Confederate : histoire du constructeur
Hellcat, Wraith, Fighter : des motos construites à la main
Moteur S&S, cadre en épine dorsale et périphériques dédiés à la performance !
1991 : un avocat américain, Matt Chambers, décide de donner corps à sa propre vision de la moto sportive américaine. Les premières étapes de son travail sont d’abord conceptuelles et, en l’espace de trois ans, les locaux vont bouger de Bâton Rouge (Lousianne) vers San Francisco (Californie) puis La Nouvelle Orléans (Louisianne again). L’épisode de San Francisco fut mis à profit pour améliorer ses connaissances en termes de châssis avec des spécialistes de dragsters, Sandy Kosman et Martin Windmill. C’est de cette expérience que Matt Chambers décida de faire des cadres sous la forme d’une solide épine dorsale.

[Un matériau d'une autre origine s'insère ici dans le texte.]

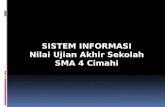 sistem Informasi Nilai UAS SMA 4 Cimahi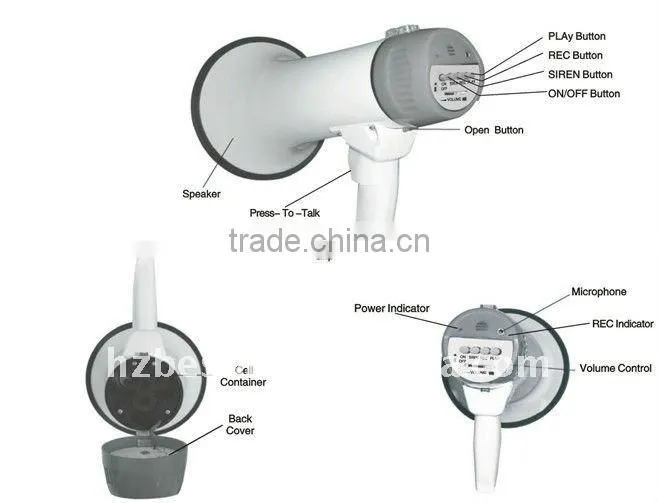 Megaphone Speaker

Dans l’esprit de Matt Chambers, Confederate Motorcycles doit proposer des machines exclusives, construites à la main, qui exsudent la puissance, la brutalité et l’accélération. Il met un point d’honneur à proposer des rapports couple moteur / poids extrêmement favorables. Le design, confié à Ed Jacobs, sublime le minimalisme en donnant à chaque élément de la moto une allure quasiment organique. Une Confederate se veut intimidante à regarder, mais doit être facile à conduire grâce à son parfait équilibre.

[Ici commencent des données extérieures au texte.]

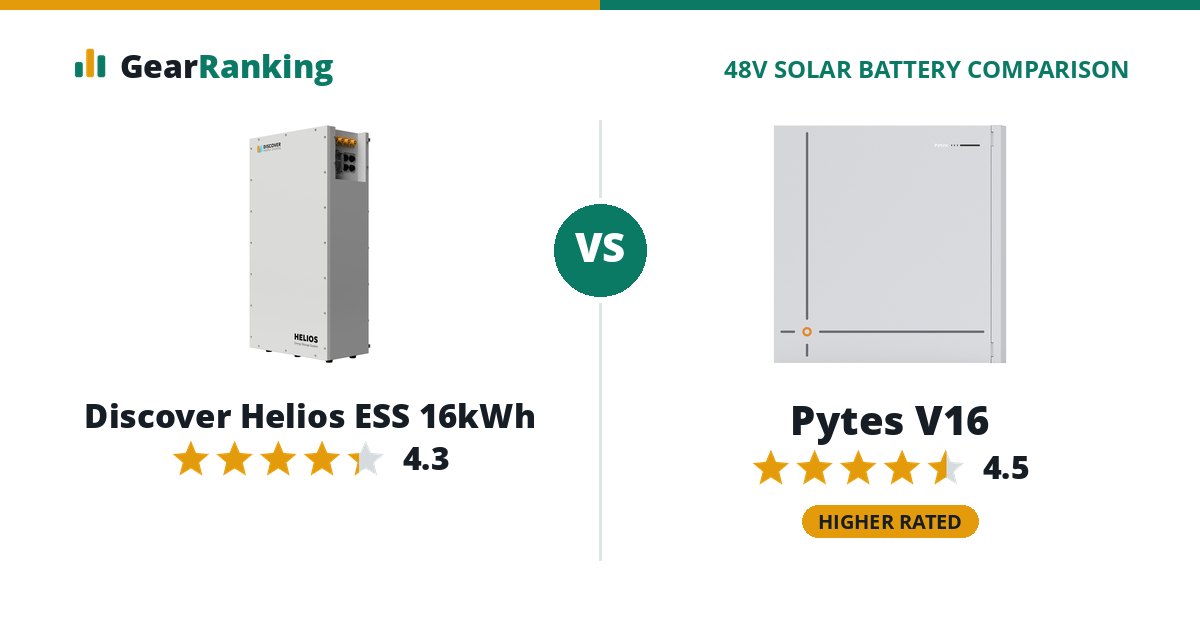 Discover Helios ESS 16kWh vs Pytes V16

Le premier prototype reçut le nom de Ghost (fantôme) et fut mis en marche le jour de Veteran Day (le 11 novembre) ; on ne rigole pas avec le patriotisme aux USA ! Une ligne de production fut mise en place dans la foulée.
1996, première étape : la Hellcat
Rapidement, Confederate passa la vitesse supérieure avec son premier modèle commercialisé, la Hellcat. Le délire marketing de son concepteur explique sa création comme une machine qui serait, tout à la fois, « l’expression d’un sophistication cool et non-matérialistique, un design minimaliste orchestré par une précision organique toute droit issue de l’école du Bauhaus, ainsi qu’un symbole de l’énergie négative et du côté obscur du Caravage ». Rien que ça !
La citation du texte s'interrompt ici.